[Brief descriptive captions]
--- START ---

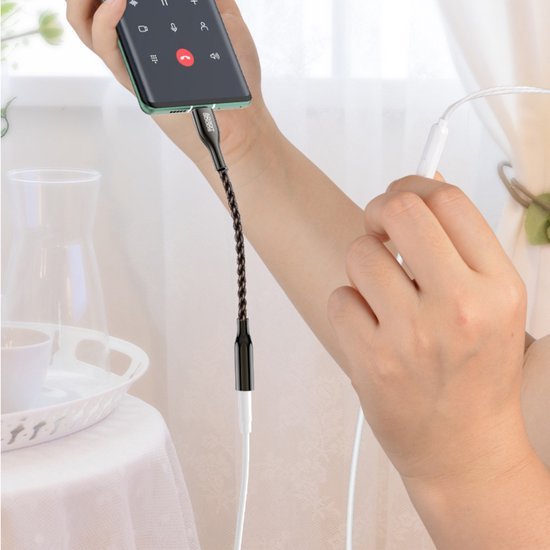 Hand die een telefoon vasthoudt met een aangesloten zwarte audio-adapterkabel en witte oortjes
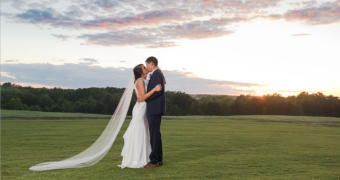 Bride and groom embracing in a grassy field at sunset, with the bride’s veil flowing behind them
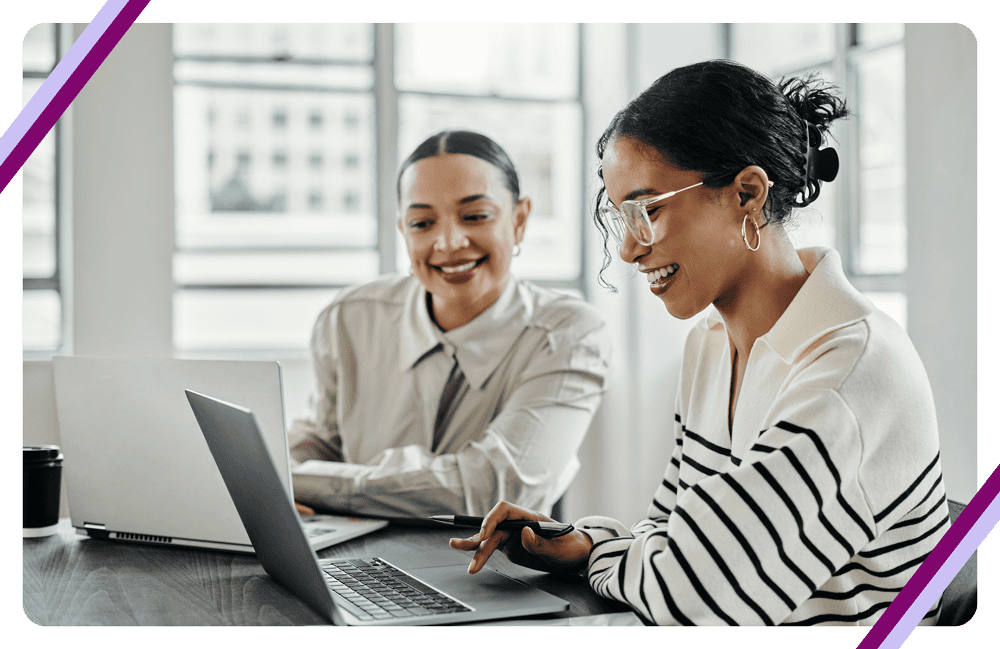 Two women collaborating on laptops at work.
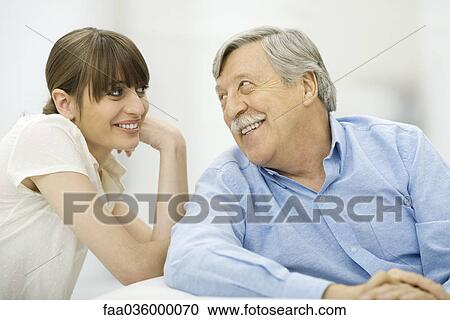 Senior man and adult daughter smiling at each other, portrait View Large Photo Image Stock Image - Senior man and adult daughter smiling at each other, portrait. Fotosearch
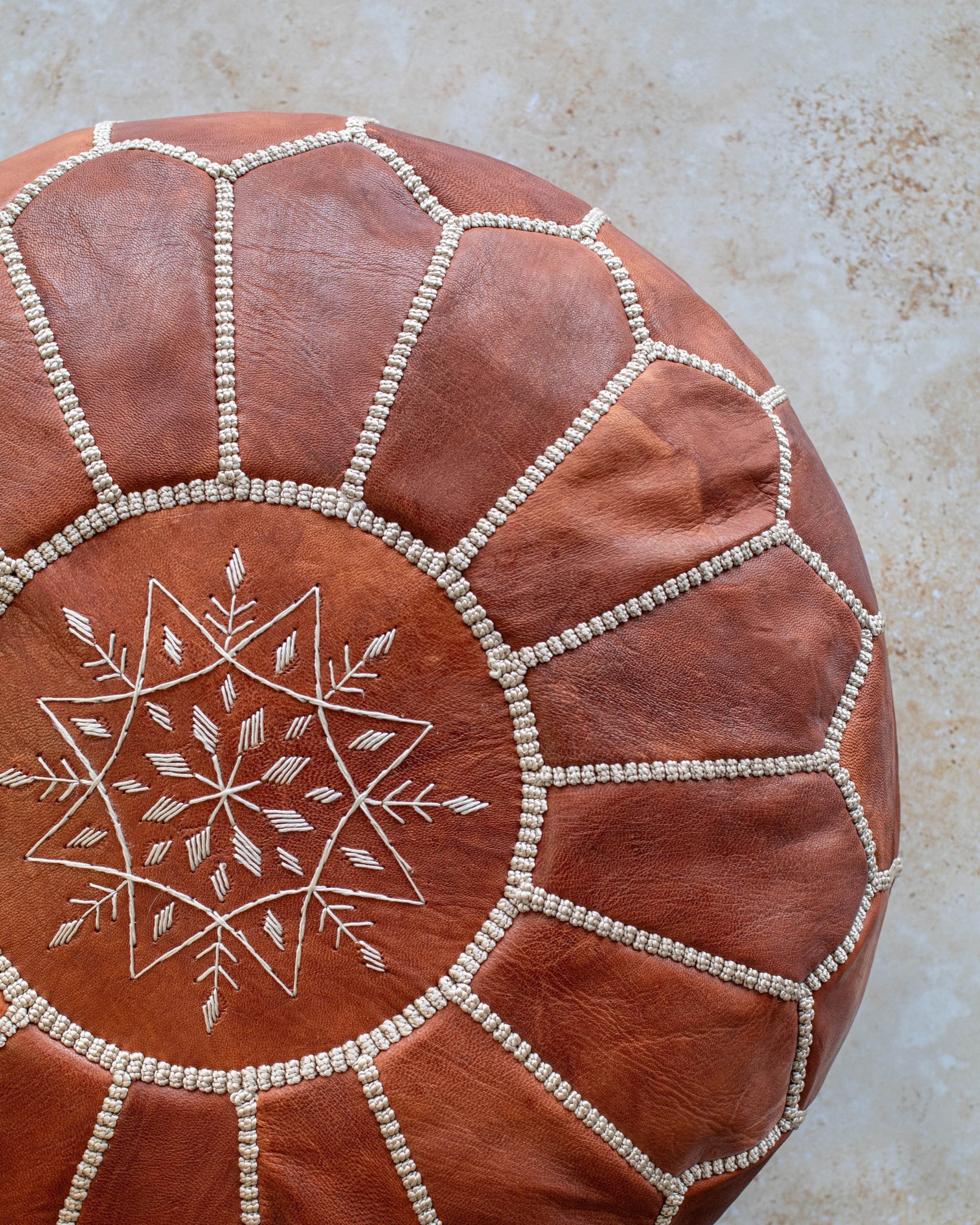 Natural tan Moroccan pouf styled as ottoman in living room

--- END ---

#### Prompt:
An exact copy of the data above is required, printed without its pictures.

#### Response box:
 Hand die een telefoon vasthoudt met een aangesloten zwarte audio-adapterkabel en witte oortjes
 Bride and groom embracing in a grassy field at sunset, with the bride’s veil flowing behind them
 Two women collaborating on laptops at work.
 Senior man and adult daughter smiling at each other, portrait View Large Photo Image Stock Image - Senior man and adult daughter smiling at each other, portrait. Fotosearch
 Natural tan Moroccan pouf styled as ottoman in living room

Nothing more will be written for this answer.